This Massive Wave Machine Is for Science, Not Fun

The 15-foot waves will help study how manmade structures—breakwaters, seawalls, giant concrete blocks—stand up to crashing waves and giant storms.

The story goes like this: A little Dutch boy spots a hole in a dike, and sticks his finger in to plug it up. He stays there for days and nights, ultimately saving his country from watery ruin. Apocryphal? Well, yeah. But the people of the Low Country have been preoccupied with keeping the ocean at bay for centuries, an interest that has only intensified with the threat of climate change. That means designing better infrastructure—which is why a Dutch company, Deltares, has built a machine that generates the world’s biggest artificial waves.

Their machine, the Delta Flume, works like this: Pistons rhythmically shove around more than two million gallons of water in a 900-foot-long concrete trough, like a giant toddler splashing back and forth in a bathtub. Eventually, the waves double back on themselves to form monsters up to 15 feet high.

The project isn’t about making really big waves for the sake of making really big waves, though, says Dan Cox, a coastal engineering professor at Oregon State University, which houses the largest research wave machine in North America. The purpose of wave machines is pretty simple: to see how human-made structures—breakwaters, seawalls, giant concrete blocks—stand up to crashing waves and giant storms before millions of people trust them to protect them from the elements. For wave machines, “bigger is better, because you don’t have to worry about scale effects,” Cox says. A giant machine sidesteps factors like surface tension and sand grain size that, at the wrong scale, could screw up results.

The Delta Flume comes as part of decades of disaster prep in the Netherlands. The Dutch have spent the last half-century constructing big flood-control infrastructure including the Delta Works, a country-wide network of dams, dikes, locks, levees, and storm surge barriers. They closely measure rainfall and water levels, and open and close their floodgates accordingly. They’ve designated giant sacrificial areas they can let flood, and have made water management plans for the rest of the century. And they kill the muskrats that nest in the levees. “The Dutch have written the book on modern coastal flood protection,” says Patrick Lynett, a coastal engineer at the University of Southern California.

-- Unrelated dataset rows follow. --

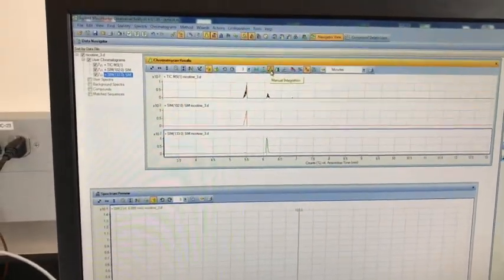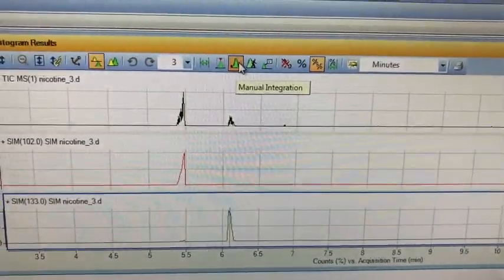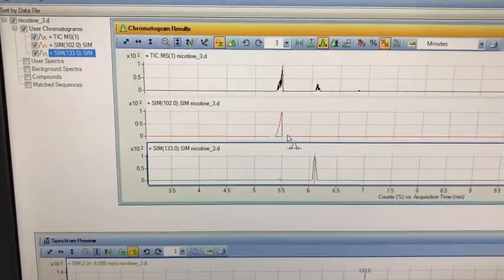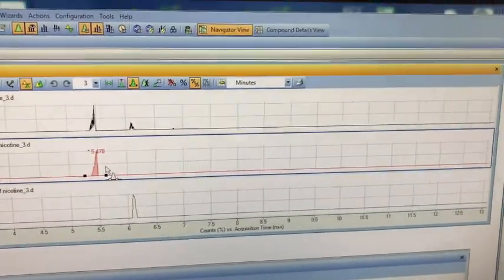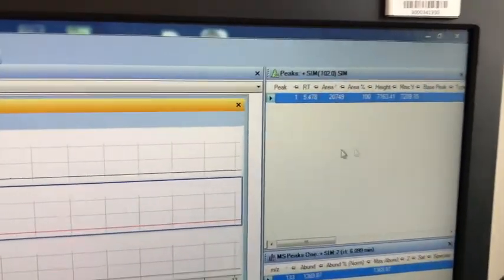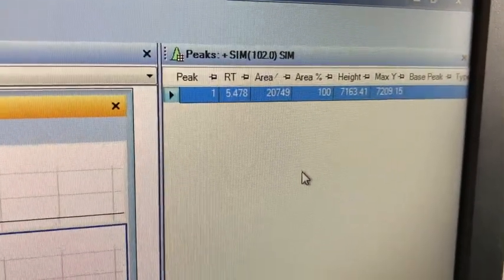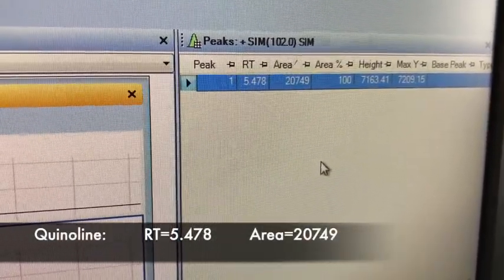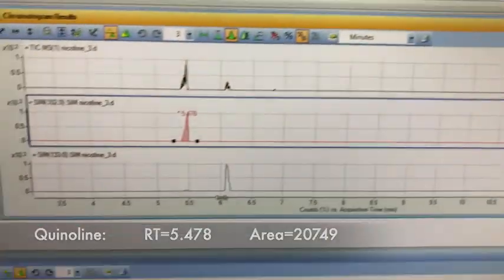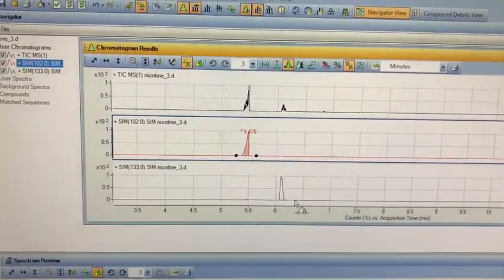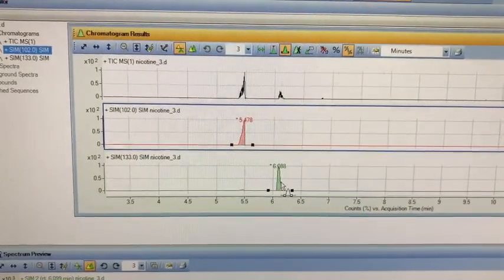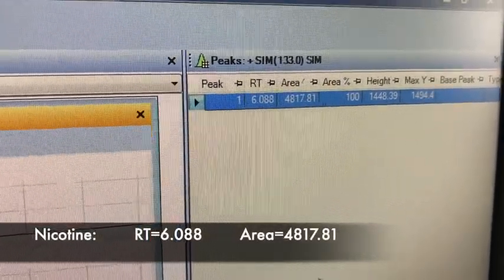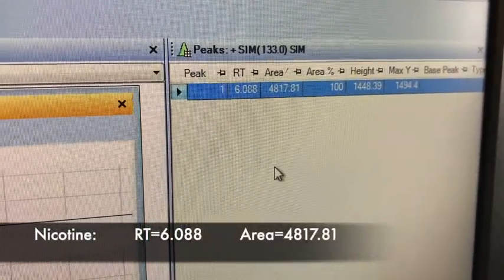In order to get the area, we're going to do manual integration. Let's manually integrate the quinoline peak first. I select that, double click, and we get the area count. For retention time 5.478 minutes, which was quinoline, my area count is 20749. We're going to do the same thing for nicotine — integrate it and double click. For the retention time 6.008 minutes, my area is 4817.81.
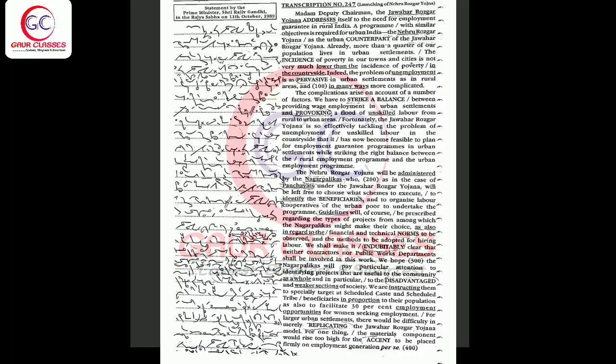Madam Deputy Chairman, the Jawahar Rojgar Yojana addresses itself to the need for employment guarantee in rural India. A program with similar objectives is required for urban India. The Nehru Rojgar Yojana as the urban counterpart of the Jawahar Rojgar Yojana. Already more than a quarter of our population lives in urban settlements.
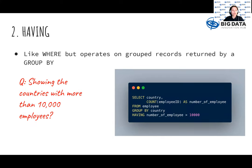Second is the having clause, which is similar to the where statement that we use to filter data according to specific conditions, but having operates on grouped records returned by a group by. The where keyword cannot be used with aggregate functions. Here, looking at the example, we added having on the previous SQL code to specify we only wanted to see the countries where the number of employees of that country is more than 10,000 employees. Remember to use having rather than where when working with a group by statement.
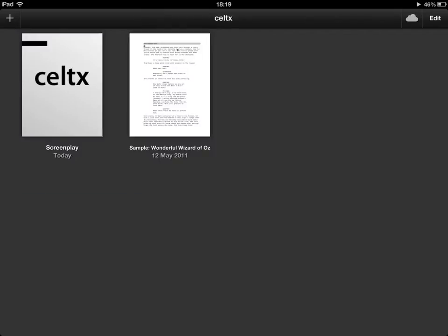So my first document comes up there in the top left hand side and you can see it's been created today but it has no name yet.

Contrast that with the US, which focuses more on flooding relief than prevention. “We rely more on beach nourishment and avoidance, while Holland takes the ‘hold the line’ approach,” Cox says. That’s a problem that’ll get worse with climate change: South Carolina faced flooding earlier this month from rains NOAA called a “thousand-year deluge,” and New Orleans, Miami, and other coastal cities are looking at inundation in a couple centuries. But we don’t have that same massive infrastructure the Netherlands does, Cox says, which is worrying. America has some catching up to do, and no little Dutch boy is going to come save the country.